Setting goals is a useful strategy for maintaining recovery. Most people have fairly straightforward big goals for recovery, including staying sober, repairing relationships, getting their career back on track, or having more stability in life. While these are all worthy aspirations, they are also open-ended. You want to stay sober indefinitely. You want your relationships and career to continue improving, rather than just improving a little, then stopping. It can be hard to maintain commitment to these indefinite aims without some concrete markers of progress. Having specific goals focuses your attention. Knowing what you want to achieve in the next month or next week keeps you from getting sidetracked by other things. And you gain confidence every time you achieve your goal. Here are some tips for setting goals in recovery.

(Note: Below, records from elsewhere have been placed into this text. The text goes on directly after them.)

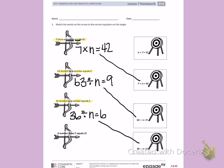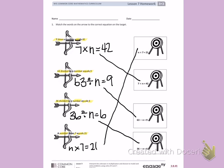Last arrow: a number times 7 equals 21. I'm starting with an unknown number, which I will model as N times 7 equals 21. This arrow matches with the first target.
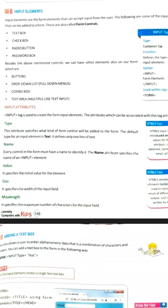Good morning dear friends. Last time I told you about forms — forms are used to collect information from the user. Whatever information you enter is entered with the help of the input element. Some types of input elements are: text box, check box, radio button, password box. Besides these, some controls are also defined: buttons, drop-down, combo — we will discuss all of these one by one.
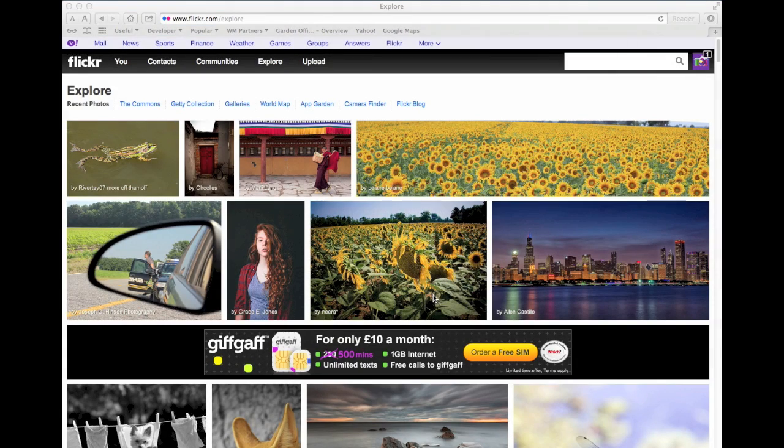It's quite easy to download photos from Flickr. You can do it in just a few clicks, but it can be a bit difficult to spot where to start.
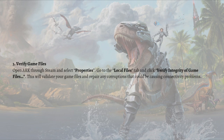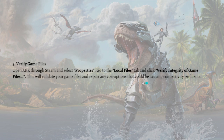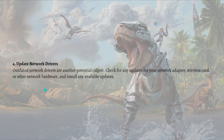Next, you can verify game files. To do this, open ARK through Steam, select Properties, go to the Local Files tab, and click Verify Integrity of Game Files. This will validate your game files and repair any corruptions that could be causing connectivity problems.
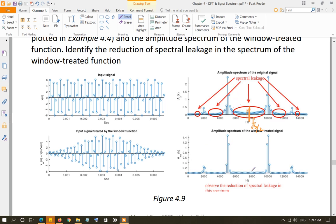Now look at this — most of the spectral leakage is suppressed. You clearly have the 2000 Hz component and the 5000 Hz component, showing how applying the Hamming window has effectively reduced the spectral leakage compared to the original.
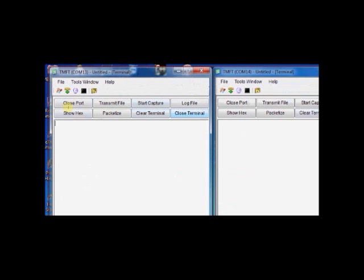We will see the next category, N. ATN, N is the network category and CH is to set read channel number. Now the channel number is 00. This is the default setting. You can set up to 16 channels, 0 to F in hex. The default is 0.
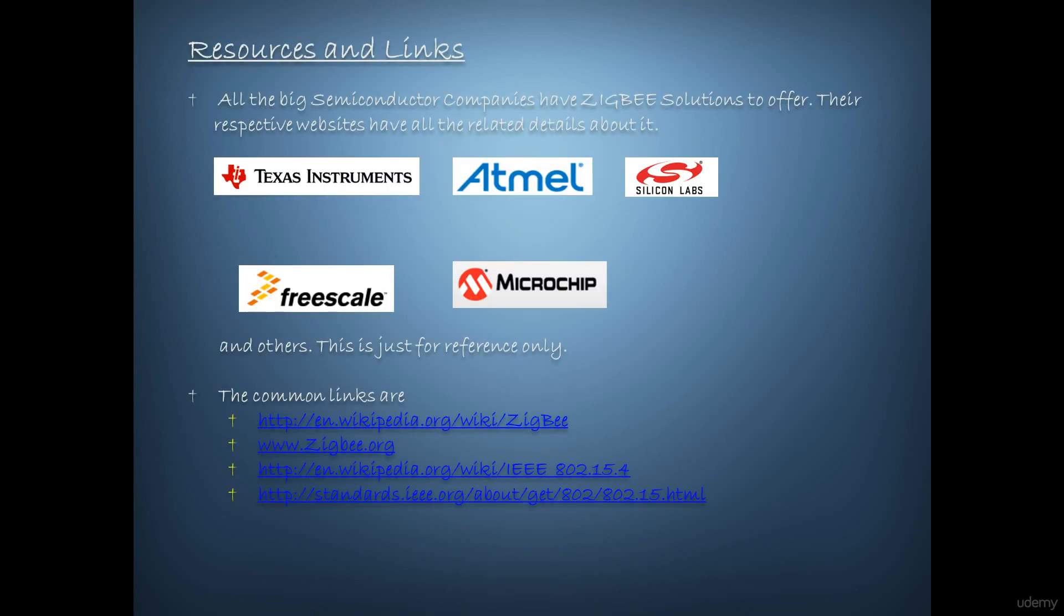From resources and links perspective, almost all the big semiconductor companies worldwide have solutions for Zigbee protocol standard. Those solutions essentially comprise from the hardware, certified hardware platform and certified software stack. Many of them offer compliant royalty-free stacks also in library form. The predefined and certified examples are tailored to various application profiles and clusters defined in Zigbee standard specifications. The common links to bookmark and use are listed in front.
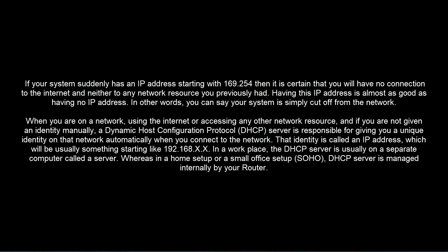That identity is called an IP address which will usually be something starting like 192.168.x.x. In a workplace, that DHCP server is usually on a separate computer called a server. Whereas in a home setup or small office setup (SOHO), DHCP server is managed internally by your router.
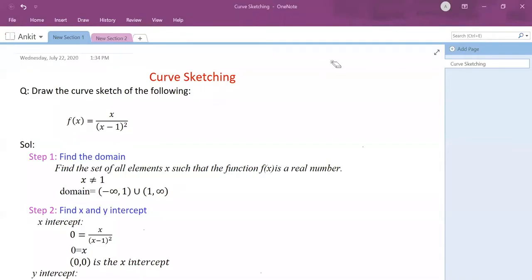Hello everyone, my name is Ankit and today I'll be doing some curve sketching. The first equation for today is x divided by (x minus 1) squared.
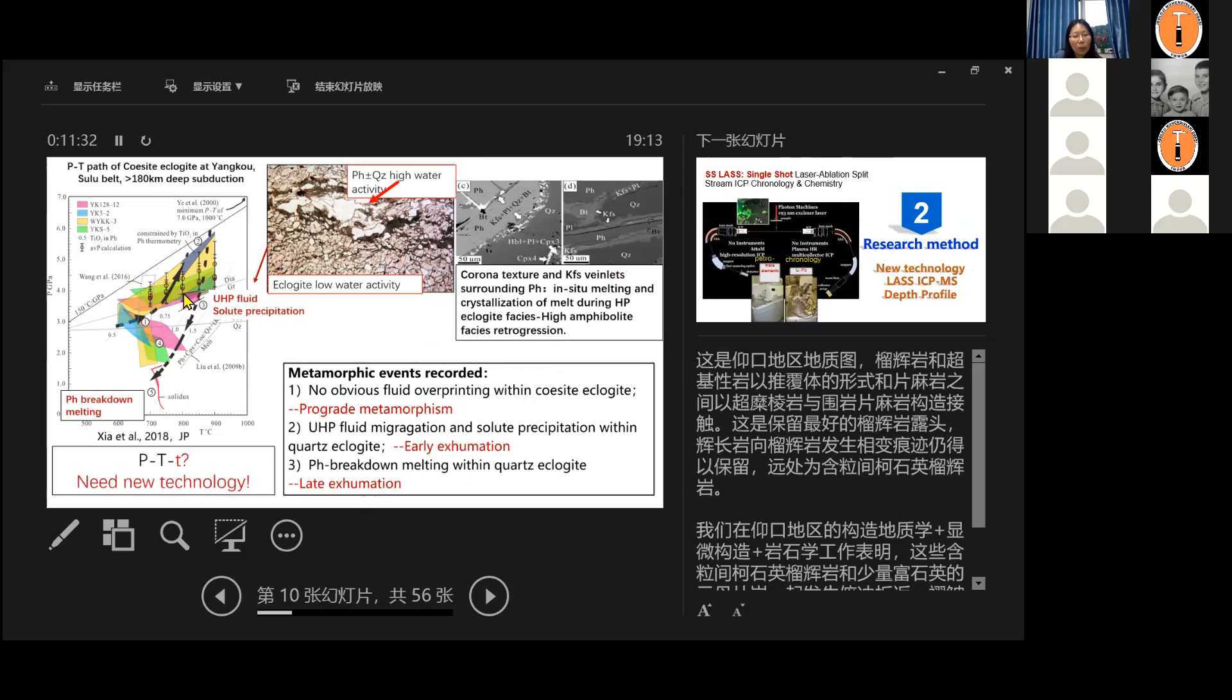So for the PT, we have already gotten it out to get a very good result. What about the t, small t timing? The difficulty we explained before, it looks like we need some new technology.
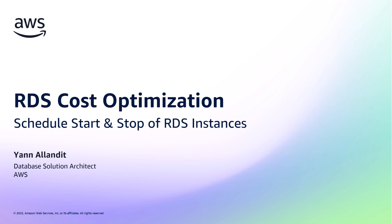Well, you shouldn't. In this video, I will show you how you can schedule the start and the stop of your Amazon relational database service, in short RDS, instances.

Break big goals into intermediate goals.
You probably have a good idea of what you want to accomplish in recovery, but it might seem overwhelming. Every big goal is overwhelming at first. Make it more manageable by breaking it down into smaller goals that move you in the direction of larger goals. For example, if one of your goals is to get out of debt caused by your addiction, you might look at the total debt and think there’s no way you can do it. But you can do it one bite at a time. A good strategy might be to make a goal to pay off your smallest debt by the end of the month. Maybe that would require saving a little extra money or working more hours, but surely you can find a way to pay off the smallest debt in a reasonable time. Then, once you meet that goal, set a goal for paying off the next smallest debt and so on. You can only do one thing at a time anyway, so you might as well break up your goals into tasks that make sense.
Find the goal sweet spot.
When setting goals and subgoals, try to set goals that are challenging enough to be interesting but easy enough that they aren’t overwhelming. This can take a little practice to get right, since some goals turn out to be easier or harder to reach than you first thought. A good goal should force you to grow and perhaps make you slightly uncomfortable, but not be so difficult that you give up.
Make your goals measurable.
Another problem with goals like “stay sober” or “repair relationships” is that they aren’t measurable. You don’t know when you’ve achieved them. Find some way to make your goals related to these aims measurable. You might make a goal to attend 90 meetings in 90 days, for example. That’s measurable and time-bound. Or you might make a goal to call your parents every day this week in an effort to improve those relationships. As with finding the sweet spot, try to set your timeframe short enough to make the goal challenging, but long enough that it’s actually possible.
Track your progress.
Don’t forget to track your progress and give yourself credit for the goals you achieve. Celebrate your wins and let them inspire you to take on new challenges. When you don’t achieve your goal, figure out what went wrong, adjust your plan, and try again.